(Short descriptive text snippets)
::::::::
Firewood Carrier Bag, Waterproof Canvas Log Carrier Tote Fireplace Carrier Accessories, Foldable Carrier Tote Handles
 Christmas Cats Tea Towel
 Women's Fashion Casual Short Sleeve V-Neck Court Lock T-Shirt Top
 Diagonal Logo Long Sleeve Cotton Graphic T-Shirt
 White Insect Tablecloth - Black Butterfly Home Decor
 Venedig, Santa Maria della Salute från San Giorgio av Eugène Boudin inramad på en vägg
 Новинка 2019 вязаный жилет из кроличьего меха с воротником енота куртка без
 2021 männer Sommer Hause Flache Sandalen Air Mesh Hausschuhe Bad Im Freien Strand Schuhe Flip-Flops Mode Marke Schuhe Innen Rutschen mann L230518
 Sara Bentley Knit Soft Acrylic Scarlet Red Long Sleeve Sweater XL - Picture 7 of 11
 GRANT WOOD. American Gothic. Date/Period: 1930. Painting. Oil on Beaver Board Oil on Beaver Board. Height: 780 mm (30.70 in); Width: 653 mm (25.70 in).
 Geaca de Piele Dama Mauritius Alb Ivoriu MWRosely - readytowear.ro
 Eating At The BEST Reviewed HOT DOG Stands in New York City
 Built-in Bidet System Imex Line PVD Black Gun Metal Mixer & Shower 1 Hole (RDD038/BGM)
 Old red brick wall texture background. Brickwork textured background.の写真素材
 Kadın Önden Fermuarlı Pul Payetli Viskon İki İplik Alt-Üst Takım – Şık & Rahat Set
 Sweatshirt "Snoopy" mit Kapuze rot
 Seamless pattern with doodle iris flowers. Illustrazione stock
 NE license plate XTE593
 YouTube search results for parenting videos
::::::::
__WHAT YOU SHOULD DO__
Using the data above, repeat every line exactly.

__EXERCISE OUTPUT__
Firewood Carrier Bag, Waterproof Canvas Log Carrier Tote Fireplace Carrier Accessories, Foldable Carrier Tote Handles
 Christmas Cats Tea Towel
 Women's Fashion Casual Short Sleeve V-Neck Court Lock T-Shirt Top
 Diagonal Logo Long Sleeve Cotton Graphic T-Shirt
 White Insect Tablecloth - Black Butterfly Home Decor
 Venedig, Santa Maria della Salute från San Giorgio av Eugène Boudin inramad på en vägg
 Новинка 2019 вязаный жилет из кроличьего меха с воротником енота куртка без
 2021 männer Sommer Hause Flache Sandalen Air Mesh Hausschuhe Bad Im Freien Strand Schuhe Flip-Flops Mode Marke Schuhe Innen Rutschen mann L230518
 Sara Bentley Knit Soft Acrylic Scarlet Red Long Sleeve Sweater XL - Picture 7 of 11
 GRANT WOOD. American Gothic. Date/Period: 1930. Painting. Oil on Beaver Board Oil on Beaver Board. Height: 780 mm (30.70 in); Width: 653 mm (25.70 in).
 Geaca de Piele Dama Mauritius Alb Ivoriu MWRosely - readytowear.ro
 Eating At The BEST Reviewed HOT DOG Stands in New York City
 Built-in Bidet System Imex Line PVD Black Gun Metal Mixer & Shower 1 Hole (RDD038/BGM)
 Old red brick wall texture background. Brickwork textured background.の写真素材
 Kadın Önden Fermuarlı Pul Payetli Viskon İki İplik Alt-Üst Takım – Şık & Rahat Set
 Sweatshirt "Snoopy" mit Kapuze rot
 Seamless pattern with doodle iris flowers. Illustrazione stock
 NE license plate XTE593
 YouTube search results for parenting videos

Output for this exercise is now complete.